Recommended audience maturity: older teens and adults.

Cast size: 7 actors
Male roles: 3
Female roles: 4
Casting notes:
Core roles: Joe, Rita, Adele, Milly, Ralphie, Myhrra, and Vye. The play is written for seven actors with no required doubling.
Milly is written as a six-year-old child, but may be cast flexibly depending on production needs, child performer policies, and available local talent. A young performer, small adult, or age-flexible performer may be used if the innocence, energy, and family dynamic are preserved.
The characters are rooted in a working-class northern New Brunswick / Miramichi community.

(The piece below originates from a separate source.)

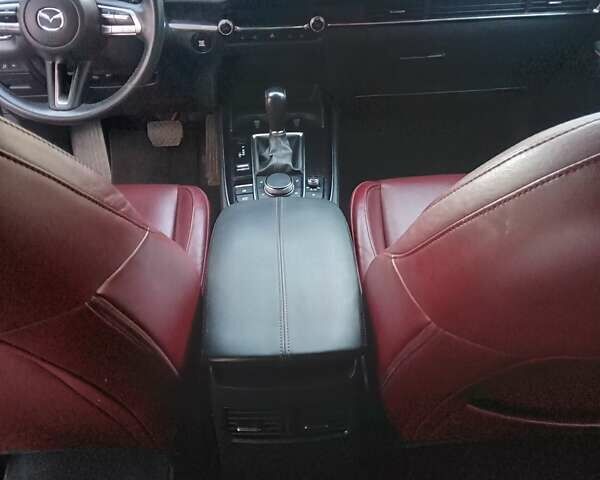 Сірий Мазда CX-30, об'ємом двигуна 2.49 л та пробігом 37 тис. км за 21700 $, фото 26 на Automoto.ua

Producers are encouraged to honour the regional voice and social world of the play without turning the dialect into caricature. Casting may be approached inclusively where appropriate, provided the family and community relationships remain clear.
The play offers strong actor-driven roles, particularly for Joe, Rita, and Adele, and benefits from performers comfortable with dark humour, emotional volatility, silence, subtext, and intimate ensemble work.

Additional Notes: 

The script includes practical production support materials, including character notes, a timeline/location breakdown, props list, acknowledgements, and playwright’s notes on staging, dialect, humour, and tone.

While the play contains multiple locations, it is designed to be manageable for production. The Walsh home can serve as the central theatrical anchor, with other locations suggested through lighting, sound, furniture shifts, or a more fluid theatrical vocabulary. The piece does not require a large scenic build and can work effectively in intimate theatres, black boxes, studio spaces, or regional/community venues with limited technical resources.

Sound and atmosphere are important to the world of the play, particularly the storm, radio, 1970s music, AA/public hall atmosphere, and the 1972 Canada/Russia hockey series. These elements can be handled through recorded sound; no live musicians are required.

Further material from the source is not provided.